ELAINE RAMOS Minha trajetória é bem linear. Cursei a Faculdade de Arquitetura e Urbanismo da Universidade de São Paulo/FAU-USP. Dentro da FAU, interessei-me mais por design. Saí da FAU e seis meses depois entrei na Cosac, onde fiquei até hoje. Estou lá há 14 anos; a editora tem 18 anos da abertura do CNPJ. O primeiro livro, o do artista plástico Tunga, foi de 1996. Entre 1996 e 2000, a editora lançou, aproximadamente, 50 livros. Hoje, tem quase mil títulos no catálogo.Vi toda a trajetória da editora e participei da sua transição de um trabalho totalmente pessoal do Charles (Cosac, proprietário), mais um projeto dele de lançar os livros de arte, uma extensão da sua casa, para uma empresa que hoje tem uma equipe de comercial e de marketing. Vivi esse processo inteiro.
CONTINENTE E hoje você é diretora de arte em uma editora reconhecida por apostar na sofisticação no texto e na arte. Como se dá isso na Cosac Naify?

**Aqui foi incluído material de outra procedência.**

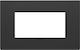 Vimar Switch Frame 1 Position Horizontal Instal...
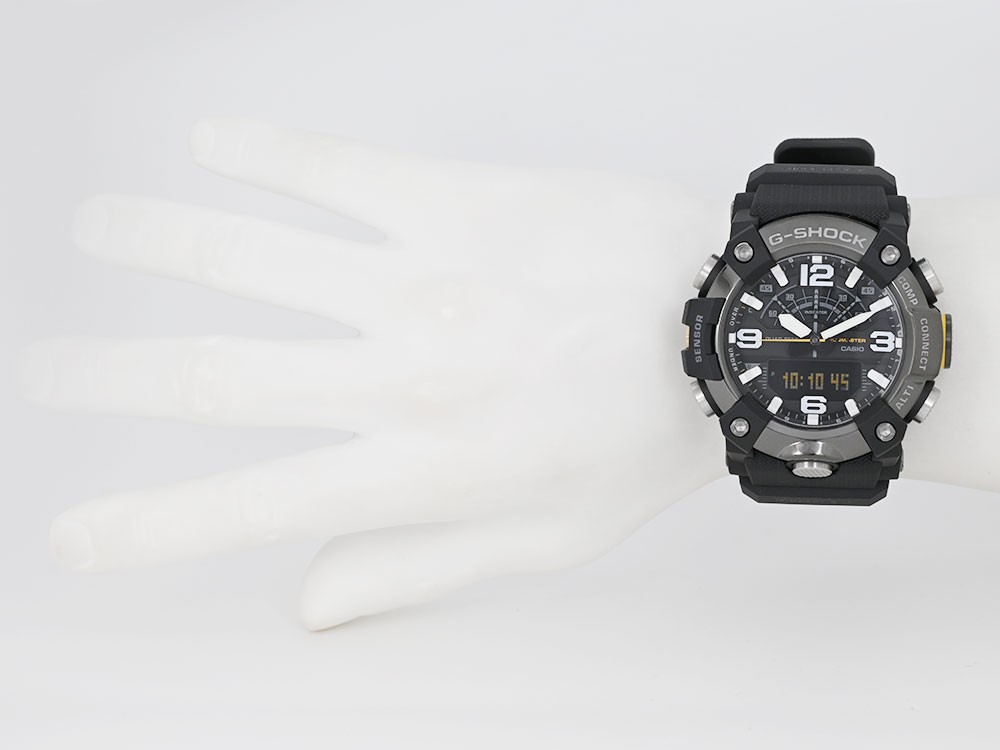 CASIO G-SHOCK GG-B100XMB-1A GG-B100XMB MASTER OF G-LAND MUDMASTER Black Black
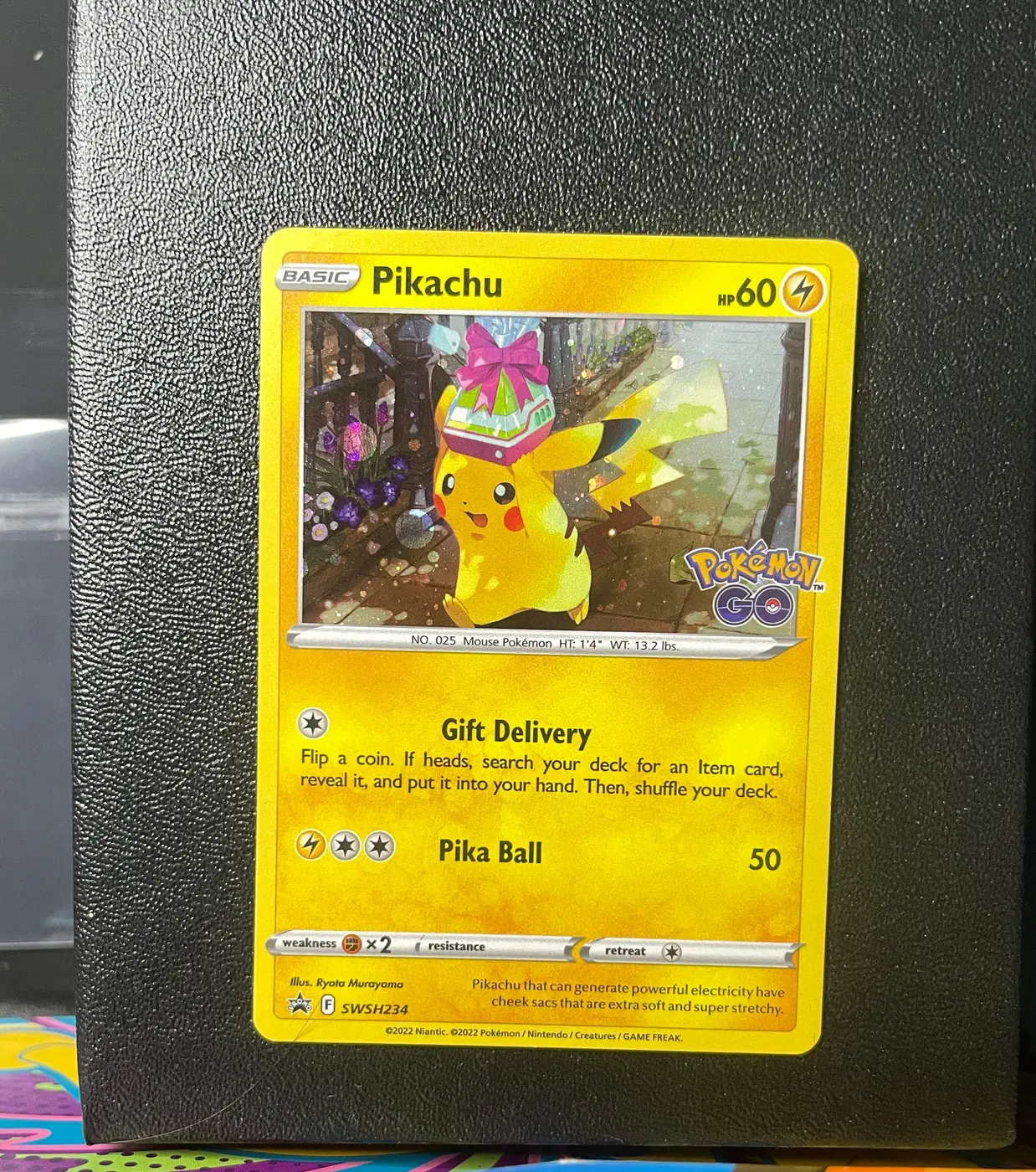 Pikachu SWSH234 - Frente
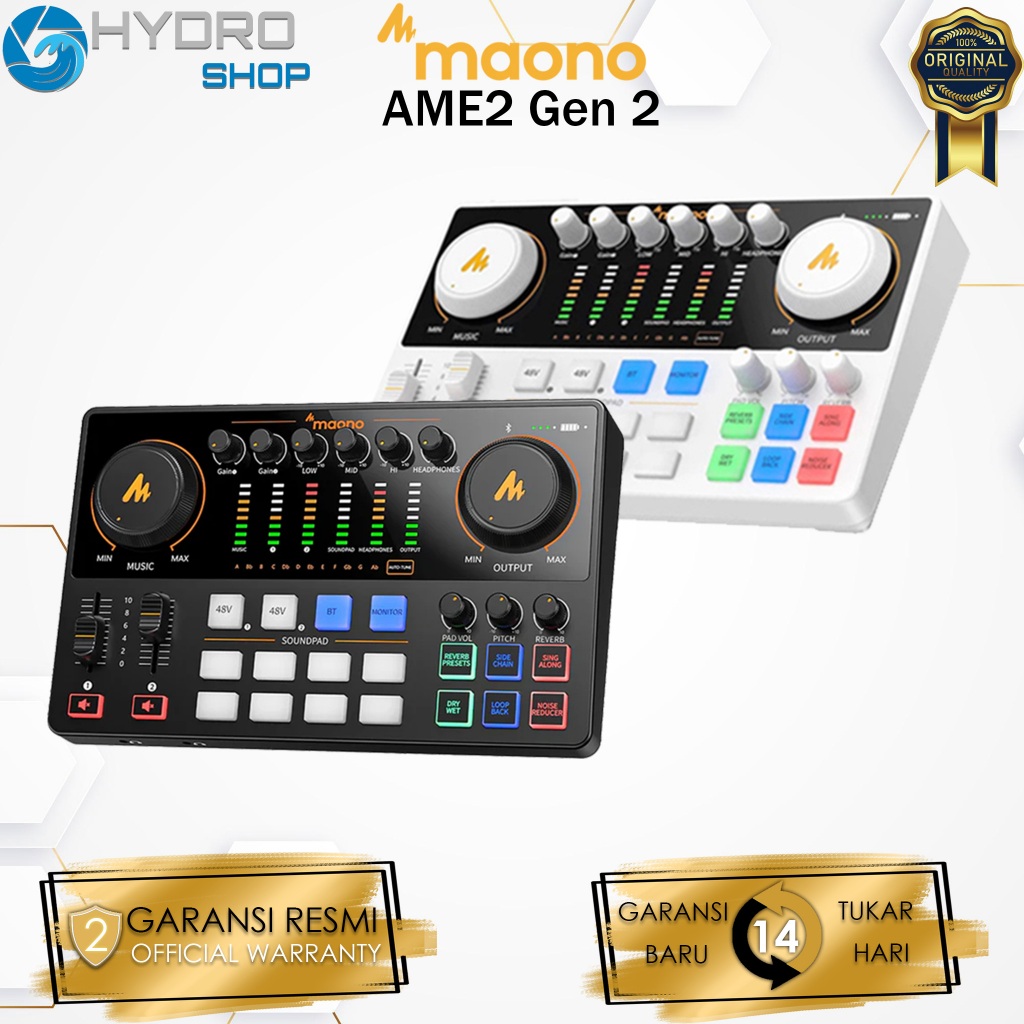 MaonoCaster E2 Gen2 / MAONO AME2 Gen 2 Maonocaster Live Streaming / Maono AME2 Gen II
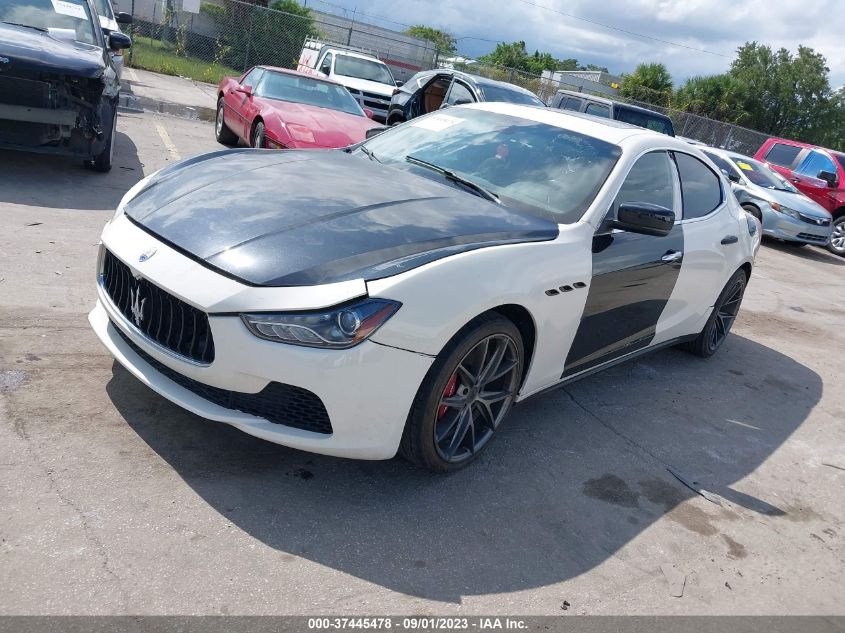 2014 MASERATI GHIBLI ZAM57XSABE1107150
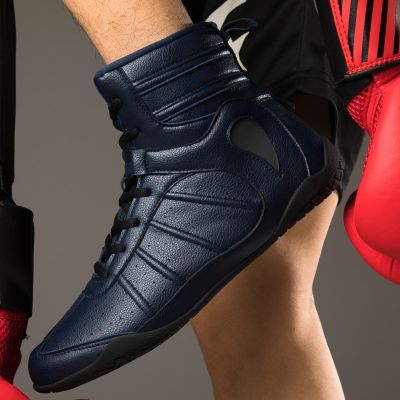 New Boxing Shoes Men Luxury Boxing Sneakers for Men Size Plus 36-46 Wrestling Shoes Light Weight Flighting Wrestling Sneakers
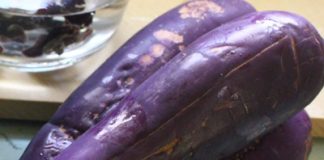 Hướng dẫn làm món Cà tím kho tỏi ớt - 1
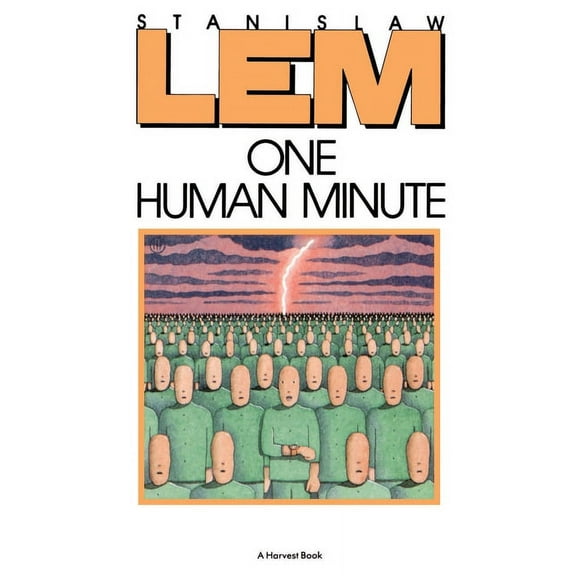One Human Minute, (Paperback)
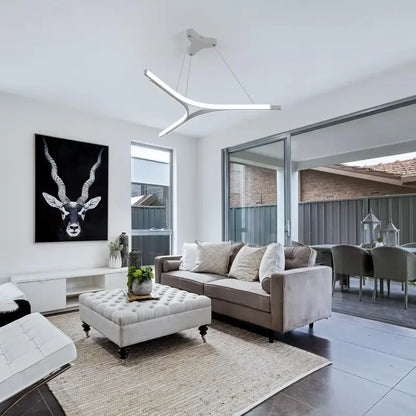 Lustre Moderne Design Industriel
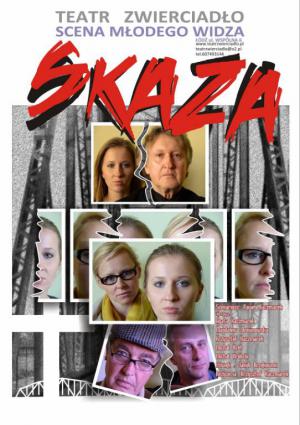 Spektakl teatralny "SKAZA" - Zdjęcie główne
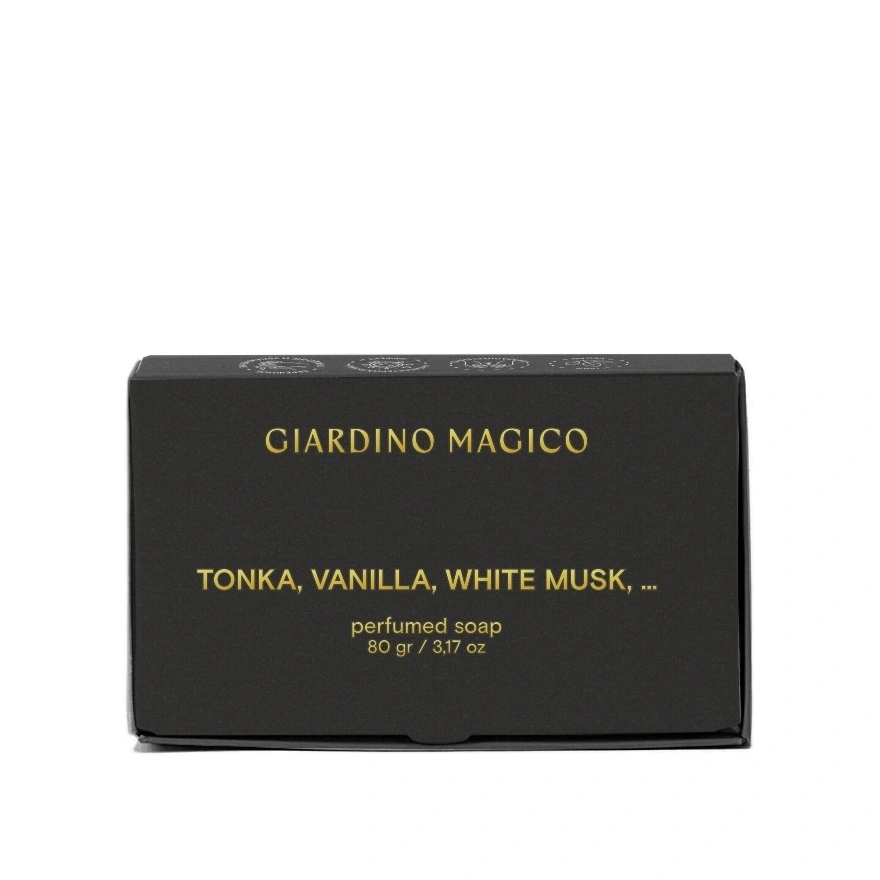 Мыло парфюмированное Tonka, vanilla, white musk купить в VISAGEHALL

ELAINE RAMOS A editora tem uma equipe interna de design, o que é um modelo bem raro no mercado editorial. Somos eu e mais cinco designers. Dividimos e discutimos os projetos entre nós e com os editores. Cada editor dentro da Cosac é responsável por alguns livros, normalmente por uma área, e aí há uma interação entre designers e editores. Há também a parte da produção gráfica, que é a equipe encarregada das pesquisas. Tudo é discutido em um processo coletivo e bem rico. Agora, como também faço parte da diretoria, tenho muita autonomia. Posso dizer que não nos pautamos pelo que é vendável. Há sempre a preocupação em comunicar, em atingir um público leitor daquele livro, mas nunca fazemos projetos pautados pelo que achamos que vende mais. Até porque achar o que vende mais é uma ciência da adivinhação. Nós arriscamos, eu acho.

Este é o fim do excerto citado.